Astrostatistics Interest Group: Student Paper Award

David Stenning Chair
Simon Fraser University
 
Aarya Patil Organizer
Max Planck Institute for Astronomy
 
Sunday, Aug 3: 2:00 PM - 3:50 PM
0769 
Topic-Contributed Paper Session 
Music City Center 
Room: CC-202B 

Applied

Yes

Main Sponsor

Astrostatistics Interest Group

Co Sponsors

Section on Bayesian Statistical Science
SSC (Statistical Society of Canada)

Presentations

A data-driven approach to stellar flare detection

We present a hidden Markov model (HMM) for discovering stellar flares in light curve data of stars. HMMs provide a framework to model time series data that are non-stationary; they allow for systems to be in different states at different times and consider the probabilities that describe the switching dynamics between states. In the context of stellar flares discovery, we exploit the HMM framework by allowing the light curve of a star to be in one of three states at any given time step: Quiet, Firing, or Decaying. This three-state HMM formulation is designed to enable straightforward identification of stellar flares, their duration, and associated uncertainty. This is crucial for estimating the flare's energy, and is useful for studies of stellar flare energy distributions. We combine our HMM with a celerite model that accounts for quasi-periodic stellar oscillations. Through an injection recovery experiment, we demonstrate and evaluate the ability of our method to detect and characterize flares in stellar time series. We also show that the proposed HMM flags fainter and lower energy flares more easily than traditional sigma-clipping methods. Lastly, we visually demonstrate that simultaneously conducting detrending and flare detection can mitigate biased estimations arising in multi-stage modelling approaches. Thus, this method paves a new way to calculating stellar flare energy. We conclude with an example application to one star observed by TESS, showing how the HMM compares with sigma-clipping when using real data. 

Speaker

J. Arturo Esquivel F., University of Toronto

ChronoFlow: A Data-Driven Model for Gyrochronology

Stellar ages are critical to astronomy on a wide range of scales, but challenging to measure for low mass main sequence stars. One method that is promising for such stars is gyrochronology, which uses the evolution of their rotation rates, or "spindown". However, analytical gyrochronology models have historically struggled to capture the observed rotational dispersion in stellar populations. To properly understand this complexity, we have developed ChronoFlow: a flexible data-driven model built using a conditional normalizing flow. We show that it accurately captures observed rotational dispersion in open clusters, and we also apply ChronoFlow within a Bayesian inference framework to infer stellar ages. We recover cluster ages with a statistical uncertainty of 0.06 dex (≈ 15%), and individual stellar ages with a statistical uncertainty of 0.7 dex. Additionally, we conducted robust systematic tests to analyze the impact of extinction models, cluster membership, and calibration ages on ChronoFlow's performance. Our results show that ChronoFlow can estimate the ages of coeval stellar populations to the precision of the best literature models, and that it performs better for clusters of ages ~50-200 Myr than existing data-driven models. ChronoFlow is publicly available at https://github.com/philvanlane/chronoflow. 

Speaker

Phil Van-Lane, University of Toronto

Discovery of Two Ultra-Diffuse Galaxies with Unusually Bright Globular Cluster Luminosity Functions via a Mark-Dependently Thinned Point Process (MATHPOP)

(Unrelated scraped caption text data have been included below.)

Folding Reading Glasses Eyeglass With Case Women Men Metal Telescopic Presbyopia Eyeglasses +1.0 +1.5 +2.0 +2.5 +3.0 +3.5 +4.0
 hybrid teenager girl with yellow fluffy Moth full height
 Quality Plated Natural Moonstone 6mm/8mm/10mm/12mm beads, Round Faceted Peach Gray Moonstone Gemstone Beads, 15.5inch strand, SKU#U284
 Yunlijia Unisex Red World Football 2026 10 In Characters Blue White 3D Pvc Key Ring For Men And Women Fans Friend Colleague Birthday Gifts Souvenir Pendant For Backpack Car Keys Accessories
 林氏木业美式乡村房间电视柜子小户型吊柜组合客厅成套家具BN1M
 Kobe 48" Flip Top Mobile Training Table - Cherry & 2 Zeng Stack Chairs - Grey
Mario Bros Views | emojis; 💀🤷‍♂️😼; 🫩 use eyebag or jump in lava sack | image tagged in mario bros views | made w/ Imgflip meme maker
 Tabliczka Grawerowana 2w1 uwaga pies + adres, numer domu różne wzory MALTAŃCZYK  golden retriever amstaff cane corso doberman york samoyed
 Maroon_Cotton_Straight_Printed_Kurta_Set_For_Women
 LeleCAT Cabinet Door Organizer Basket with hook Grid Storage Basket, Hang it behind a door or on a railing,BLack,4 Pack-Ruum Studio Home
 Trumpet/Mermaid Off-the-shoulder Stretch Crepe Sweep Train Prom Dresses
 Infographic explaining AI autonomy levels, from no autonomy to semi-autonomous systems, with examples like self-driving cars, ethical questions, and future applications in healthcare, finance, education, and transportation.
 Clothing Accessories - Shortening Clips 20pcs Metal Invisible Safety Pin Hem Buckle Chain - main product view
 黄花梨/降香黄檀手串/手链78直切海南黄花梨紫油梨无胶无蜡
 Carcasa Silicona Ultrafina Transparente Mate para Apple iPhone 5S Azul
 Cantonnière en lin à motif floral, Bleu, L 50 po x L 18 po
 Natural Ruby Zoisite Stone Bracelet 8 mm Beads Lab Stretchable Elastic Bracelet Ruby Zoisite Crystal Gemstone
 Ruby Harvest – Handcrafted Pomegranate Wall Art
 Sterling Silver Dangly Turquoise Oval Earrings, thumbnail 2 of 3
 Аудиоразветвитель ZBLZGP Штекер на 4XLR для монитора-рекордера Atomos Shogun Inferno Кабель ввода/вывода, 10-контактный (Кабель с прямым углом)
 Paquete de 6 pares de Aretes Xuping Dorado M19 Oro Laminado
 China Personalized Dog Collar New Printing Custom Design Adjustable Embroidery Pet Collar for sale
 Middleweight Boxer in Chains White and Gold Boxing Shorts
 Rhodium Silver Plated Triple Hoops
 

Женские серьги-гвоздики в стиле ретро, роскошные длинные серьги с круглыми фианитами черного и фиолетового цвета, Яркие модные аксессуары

We present \textsc{Mathpop}, a novel method to infer the globular cluster (GC) counts in ultra-diffuse galaxies (UDGs) and low-surface brightness galaxies (LSBGs). Many known UDGs have a surprisingly high ratio of GC number to surface brightness. However, standard methods to infer GC counts in UDGs face various challenges, such as photometric measurement uncertainties, GC membership uncertainties, and assumptions about the GC luminosity functions (GCLFs). \textsc{Mathpop} tackles these challenges using the mark-dependent thinned point process, enabling joint inference of the spatial and magnitude distributions of GCs. In doing so, \textsc{Mathpop} allows us to infer and quantify the uncertainties in both GC counts and GCLFs with minimal assumptions. As a precursor to \textsc{Mathpop}, we also address the data uncertainties coming from the selection process of GC candidates: we obtain probabilistic GC candidates instead of the traditional binary classification based on the color--magnitude diagram. We apply \textsc{Mathpop} to 40 LSBGs in the Perseus cluster using GC catalogs from a \textit{Hubble Space Telescope} imaging program. We then compare our results to those from an independent study using the standard method. We further calibrate and validate our approach through extensive simulations. Our approach reveals two LSBGs having GCLF turnover points much brighter than the canonical value with Bayes' factor being $\sim4.5$ and $\sim2.5$, respectively. An additional crude maximum-likelihood estimation and simulation study show that their GCLF TO points are approximately $0.9$~mag and $1.1$~mag brighter than the canonical value, with $p$-value $\sim 10^{-8}$ and $\sim 10^{-5}$, respectively. 

Speaker

Dayi Li, University of Toronto

Prediction Intervals for Astronomy Data with Covariate Error

Astronomers often deal with data where the covariates and the dependent variable are measured with heteroscedastic non-Gaussian error. For instance, while TESS and Kepler datasets provide a wealth of information, addressing the challenges of measurement errors and systematic biases is critical for extracting reliable scientific insights and improving machine learning models' performance. Although techniques have been developed for estimating regression parameters for these data, few techniques exist to construct prediction intervals with finite sample coverage guarantees. To address this issue, we tailor the conformal prediction approach to our application. We empirically demonstrate that this method gives finite sample control over Type 1 error probabilities under a variety of assumptions on the measurement errors in the observed data. Further, we demonstrate how the conformal prediction method could be used for constructing prediction intervals for unobserved exoplanet masses using established broken power-law relationships between masses and radii found in the literature. 

Speaker

Naomi Singer, North Carolina State University

Quantifying the Clustering Probability in Noisy Nonhomogeneous Spatial Data to Identify New Repeating Fast Radio Burst Sources from CHIME/FRB

In this paper, I introduce an approach to analyze nonhomogeneous Poisson processes (NHPP) observed with noise, focusing on previously unstudied second-order characteristics of the noisy process. Utilizing a hierarchical Bayesian model with noisy data, I estimate hyperparameters governing a physically motivated NHPP intensity. I perform simulation studies to demonstrate the reliability of this methodology in accurately estimating hyperparameters. Leveraging the posterior distribution, I then infer the probability of detecting a certain number of events within a given radius, the k-contact distance. I demonstrate the methodology with an application to observations of fast radio bursts (FRBs) detected by the Canadian Hydrogen Intensity Mapping Experiment's FRB Project (CHIME/FRB). This approach allows us to identify repeating FRB sources by bounding or directly simulating the probability of observing k physically independent sources within some radius, or the probability of coincidence (PC). The new methodology improves the repeater detection PC in 86% of cases when applied to the largest sample of previously classified observations, with a median improvement factor (existing metric over PC from our methodology) of ∼ 3000. 

Speaker

Amanda Cook, University of Toronto